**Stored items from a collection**
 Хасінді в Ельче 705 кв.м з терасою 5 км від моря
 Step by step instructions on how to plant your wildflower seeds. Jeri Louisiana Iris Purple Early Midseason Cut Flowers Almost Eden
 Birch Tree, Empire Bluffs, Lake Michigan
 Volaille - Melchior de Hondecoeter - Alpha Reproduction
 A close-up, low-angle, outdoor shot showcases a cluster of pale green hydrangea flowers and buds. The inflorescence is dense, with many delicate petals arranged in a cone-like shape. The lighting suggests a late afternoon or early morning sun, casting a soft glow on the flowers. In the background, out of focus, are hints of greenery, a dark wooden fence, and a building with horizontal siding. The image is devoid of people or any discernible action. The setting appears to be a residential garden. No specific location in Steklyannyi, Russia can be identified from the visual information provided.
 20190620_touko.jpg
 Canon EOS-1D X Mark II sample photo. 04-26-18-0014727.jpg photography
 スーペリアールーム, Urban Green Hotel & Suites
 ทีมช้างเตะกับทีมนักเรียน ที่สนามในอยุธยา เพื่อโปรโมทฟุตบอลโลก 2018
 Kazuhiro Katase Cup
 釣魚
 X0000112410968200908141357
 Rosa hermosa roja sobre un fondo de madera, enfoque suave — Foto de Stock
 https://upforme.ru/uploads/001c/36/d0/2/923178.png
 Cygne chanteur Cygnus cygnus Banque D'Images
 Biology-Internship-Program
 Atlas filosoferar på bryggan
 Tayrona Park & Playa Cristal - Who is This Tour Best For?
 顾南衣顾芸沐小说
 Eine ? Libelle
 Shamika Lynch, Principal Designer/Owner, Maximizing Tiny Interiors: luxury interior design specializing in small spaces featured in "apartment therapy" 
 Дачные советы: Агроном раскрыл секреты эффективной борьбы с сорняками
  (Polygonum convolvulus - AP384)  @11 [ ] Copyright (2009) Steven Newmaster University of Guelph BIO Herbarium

**What you should do**
If a line falls between the first line of the records and the line containing "Volaille - Melchior", inclusive, repeat it exactly; leave out all others.

**Answer to this exercise**
 Хасінді в Ельче 705 кв.м з терасою 5 км від моря
 Step by step instructions on how to plant your wildflower seeds. Jeri Louisiana Iris Purple Early Midseason Cut Flowers Almost Eden
 Birch Tree, Empire Bluffs, Lake Michigan
 Volaille - Melchior de Hondecoeter - Alpha Reproduction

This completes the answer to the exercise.